A escola de samba como instituição surge em 19 de agosto de 1928, no Estácio de Sá (RJ), com a fundação da Deixa Falar — fundada por Ismael Silva e os sambistas do bairro. O nome escola foi escolhido em provocação: o grupo ensaiava ao lado de uma escola normal, e os fundadores queriam que a sociedade levasse o samba a sério. O primeiro desfile competitivo das escolas é de 1932. Mangueira, Portela, Salgueiro e Estação Primeira viraram instituições centenárias. A partir dos anos 1960, o desfile virou indústria: enredos com pesquisa histórica, fantasias com cinco mil pessoas, alegorias de 10 metros e orçamentos milionários. Em 1984, o Sambódromo da Marquês de Sapucaí foi inaugurado, projetado por Oscar Niemeyer.

Os blocos, o Frevo e os Carnavais de rua

Enquanto o Rio profissionalizava o desfile, Pernambuco preservou o Carnaval de rua. Em Recife e Olinda, o ritmo dominante é o frevo — criado no final do século XIX a partir da fusão de maxixe, polca, marcha e capoeira. O passo do frevo, executado com sombrinhas coloridas, é técnico, atlético, quase acrobático. O Galo da Madrugada, em Recife, é considerado pelo Guinness o maior bloco de Carnaval do mundo: mais de 2 milhões de pessoas no sábado de Carnaval.
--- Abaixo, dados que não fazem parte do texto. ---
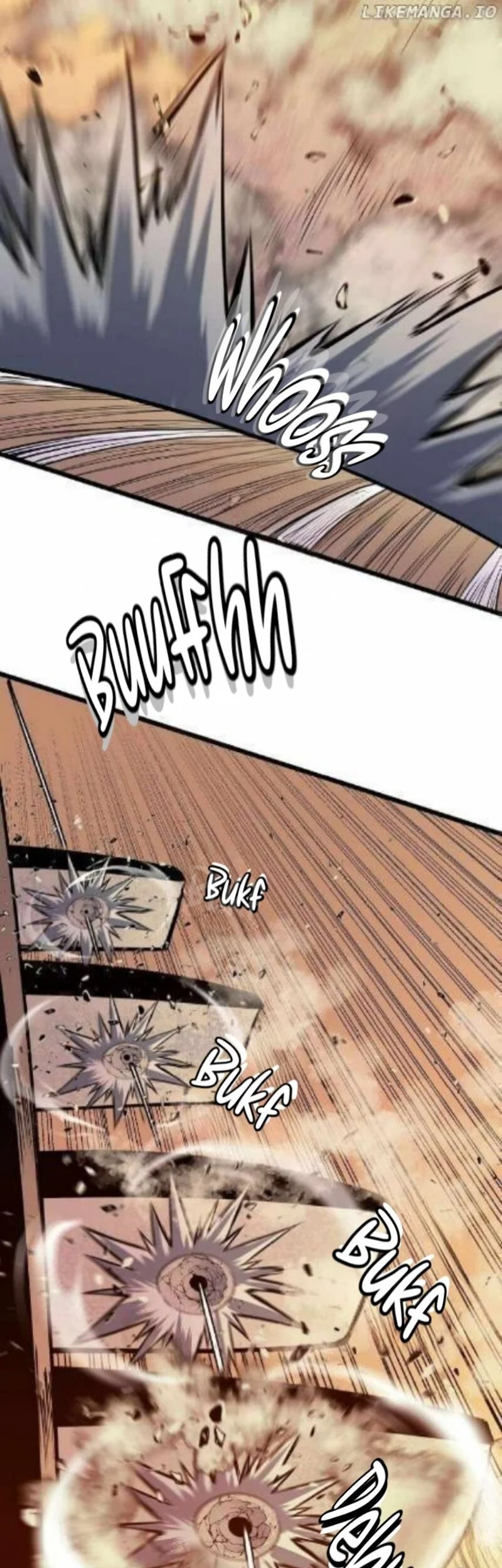 Prepaid Dragon King Tanks Everything! Chapter 4 Gambar 12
Em Salvador, surgiu nos anos 1950 o trio elétrico, criado por Dodô e Osmar — um caminhão equipado com som potente que arrasta multidões pelas ruas. O axé music dos anos 1990 transformou o trio elétrico baiano numa máquina internacional de exportação cultural.

O Carnaval hoje

Mais de 600 cidades brasileiras realizam Carnaval oficial. Os destinos consagrados — Rio, Salvador, Recife, Olinda — são complementados por uma onda recente de Carnavais de rua reinventados em São Paulo, Belo Horizonte, Florianópolis e Ouro Preto. O Carnaval gera empregos sazonais para 200 mil pessoas só na cadeia produtiva das escolas do Rio. Por ser data móvel — depende da Páscoa, que depende da lua cheia — sua localização no calendário varia. Em 2026, a terça-feira de Carnaval cai em 17 de fevereiro.